In addition, the storage 150 may store various gamma tables. In this case, the processor 140 may acquire a gamma table corresponding to the grayscale distribution of each of the areas from among the gamma tables stored in the storage 150, and may use the gamma table in adjusting the brightness of each of the areas. However, according to circumstances, the storage 150 may store only a basic gamma table, and may adjust the form of the basic gamma table in real time according to a lookup table (LUT) or a calculation equation, and acquire various gamma tables corresponding to the respective areas.

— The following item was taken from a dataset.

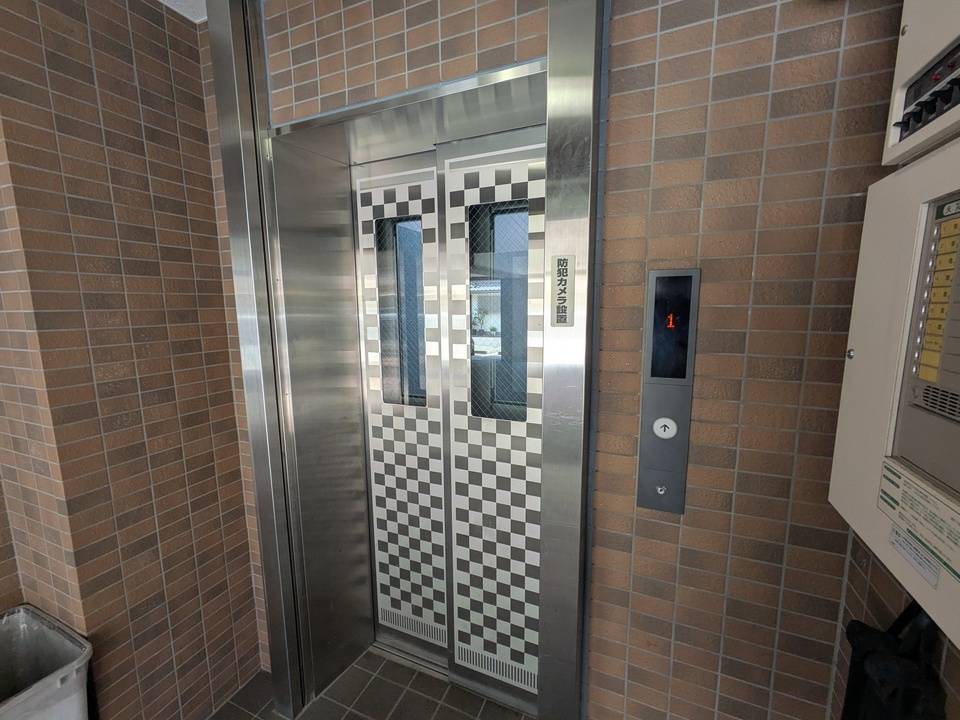 エントランス　エレベーター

In addition, the storage 150 may sample a plurality of images, and store gamma tables corresponding to the respective sample images of various types. In this case, the processor 140 may understand the grayscale distribution type of an inputted image, and then directly apply a gamma table pre-defined for the corresponding type. For example, the processor 140 may calculate a gamma table corresponding to an image type in which 50% of the pixels are distributed between

grayscales

0 and 100, 30% of the pixels are distributed between grayscales 101 and 200, and 20% of the pixels are distributed between grayscales 201 and 255 in advance according to an exemplary embodiment, and then understand the type of an inputted image, and directly apply a corresponding gamma table.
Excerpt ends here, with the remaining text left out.